Using the Session method gives the answer:

In [17]:
# create a configured "Session" class
Session = sessionmaker(bind=engine)
# create a Session
session = Session()       
names = session.query(master.c.playerID,master.c.nameFirst,master.c.nameLast).subquery()
playRange = session.query(fielding.c.playerID.label('playerID'), \
                          db.func.min(fielding.c.yearID).label('FirstYearPlayed'), \
                          db.func.max(fielding.c.yearID).label('LastYearPlayed')).\
            group_by(fielding.c.playerID).subquery()
query = db.select([playRange, names])
query = query.select_from(playRange.join(names, playRange.c.playerID==names.c.playerID))
results = connection.execute(query).fetchall()
session.close()
df = pd.DataFrame(results)
df.columns = results[0].keys()
df[['nameFirst','nameLast','FirstYearPlayed','LastYearPlayed']].head(5)
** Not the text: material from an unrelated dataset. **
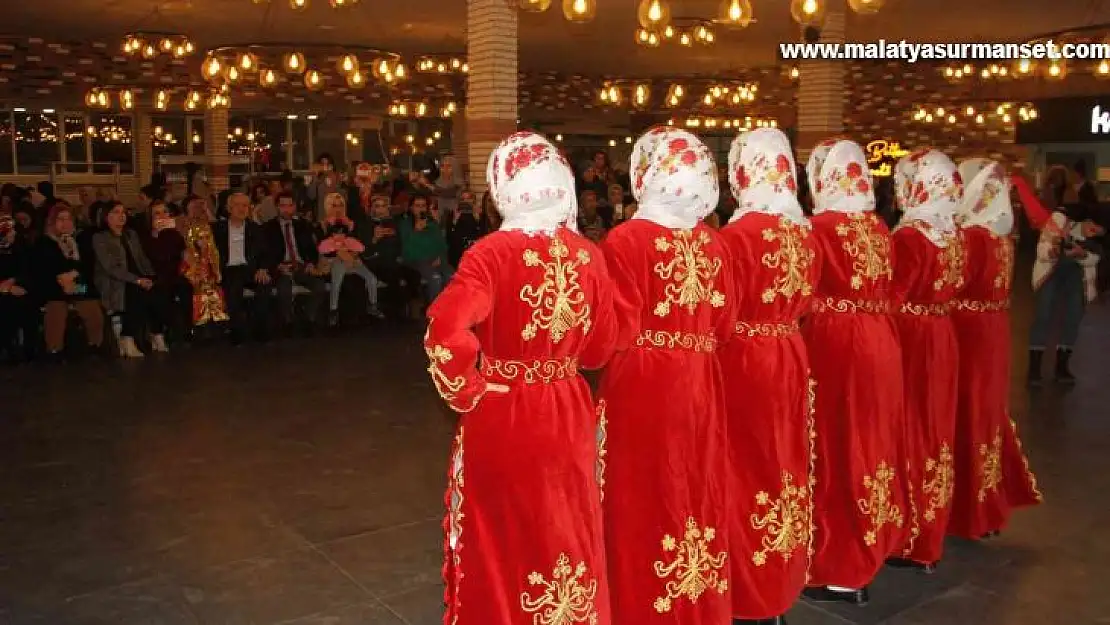 Elazığ'da üniversiteli öğrenciler yöresel yemeklerle buluştu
Unnamed: 0,nameFirst,nameLast,FirstYearPlayed,LastYearPlayed
0,David,Aardsma,2004,2013
1,Hank,Aaron,1954,1976
2,Tommie,Aaron,1962,1971
3,Don,Aase,1977,1990
4,Andy,Abad,2001,2003


## Who has played the most all star games?

In [31]:
AllstarFull = db.Table('allstarfull', metadata, autoload=True, autoload_with=engine)
AllstarFull.columns.keys()

['playerid',
 'yearid',
 'gamenum',
 'gameid',
 'teamid',
 'lgid',
 'gp',
 'startingpos']

In [33]:
# create a configured "Session" class
Session = sessionmaker(bind=engine)
# create a Session
session = Session()       
names = session.query(master.c.playerID,master.c.nameFirst,master.c.nameLast).subquery()
allStarGames = session.query(AllstarFull.c.playerid.label('playerID'), \
                          db.func.count(AllstarFull.c.gameid).label('NumAllstarGames')).\
            group_by(AllstarFull.c.playerid).subquery()
query = db.select([allStarGames, names])
query = query.select_from(AllstarFull.join(names, AllstarFull.c.playerid==names.c.playerID))
results = connection.execute(query).fetchall()
session.close()
df = pd.DataFrame(results)
df.columns = results[0].keys()
df[['nameFirst','nameLast','NumAllstarGames']].head(5)

Unnamed: 0,nameFirst,nameLast,NumAllstarGames
0,Lefty,Gomez,1
1,Lefty,Gomez,1
2,Lefty,Gomez,2
3,Lefty,Gomez,2
4,Lefty,Gomez,2